One of the bright spots of the otherwise forgettable 2008 rom-com Forgetting Sarah Marshall was UK funnyman Russell Brand's portrayal of Aldous Snow, a cartoonishly self-involved British rock star and romantic rival to Jason Segel's whiny protagonist. Brand's preening Marc Bolan/Liam Gallagher hybrid garnered the comedian fame that had heretofore proved elusive outside the Commonwealth, paving the way for comedy specials, high-profile hosting gigs, and finally, his very own starring vehicle, Get Him to the Greek. Officially branded as a spin-off of Sarah Marshall, it's one of the few such films that can rightly claim superiority over its forebear.
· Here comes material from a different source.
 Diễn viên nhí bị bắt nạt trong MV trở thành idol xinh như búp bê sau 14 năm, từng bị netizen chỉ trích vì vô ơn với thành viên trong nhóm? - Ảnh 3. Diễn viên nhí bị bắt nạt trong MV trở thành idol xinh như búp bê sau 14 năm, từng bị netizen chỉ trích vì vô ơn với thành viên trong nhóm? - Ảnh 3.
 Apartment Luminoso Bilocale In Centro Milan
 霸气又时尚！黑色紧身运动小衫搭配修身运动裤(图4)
And it's almost entirely due to Brand, whose charisma and authenticity (you get the sneaking suspicion he isn't acting) as Snow make Get Him to the Greek's riffs on assorted ageing-rock-star cliches (ample narcotics, all-night parties, new-age philosophies, vapid groupies, etc.) seem fresh and funny again. Jonah Hill (Superbad) is a worthy foil as Aaron, a record company junior executive charged with the unenviable task of personally escorting the drug-addled, mercurial Snow from London to Los Angeles, where he's due to perform a special comeback concert at the Greek Theatre.
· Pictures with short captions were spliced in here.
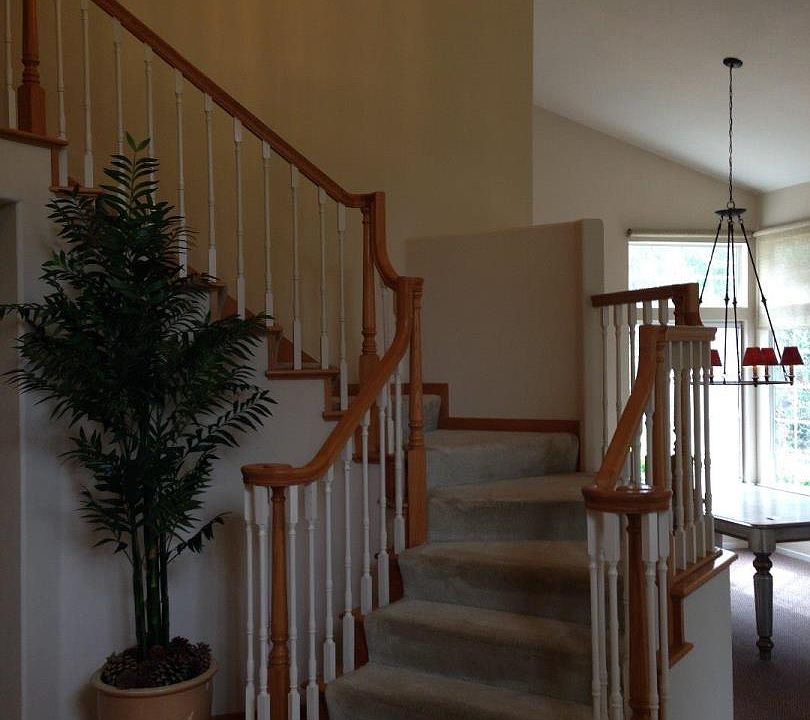 2nd image of 20 Elston Ct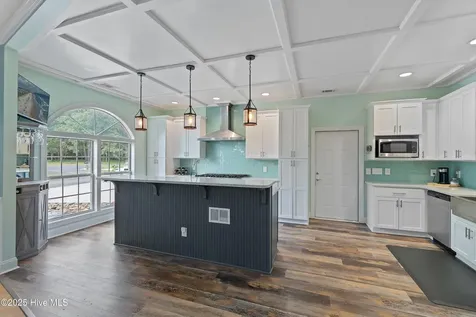 1860 Oak Harbour Drive SW Ocean Isle Beach NC 28469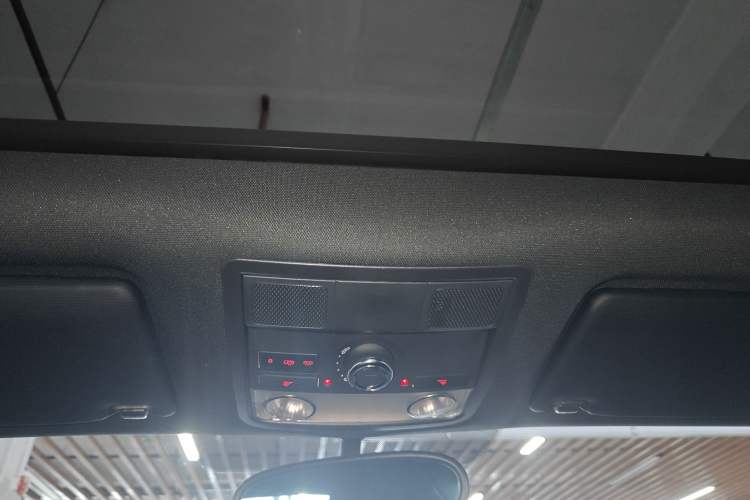 Used Volkswagen Beetle 2016 180TSI Dune Off-Road Edition Headliner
But Aaron soon falls under the spell of the intractable and devilishly charming Snow, and assorted misadventures ensue during their bumpy sojourn from Los Angeles to London some uproariously funny, others less so, and almost all of them drug-induced. As constructed by writer/director Nicholas Stoller (who also helmed Sarah Marshall), Get Him to the Greek is a hallucinogenic road trip/buddy comedy, Fear and Loathing with an Apatow sensibility. Like its rock-star lead, the film tends to drift and meander at times, with promising jokes fizzling out and subplots going unresolved, but it always regains its moorings, thanks in large part to an inspired comedic performance by Sean "P. Diddy" Combs as Aaron's maniacal music-mogul boss. Like Brand, you get the feeling he might not be acting either.
Hollywood.com rated this film 3 stars.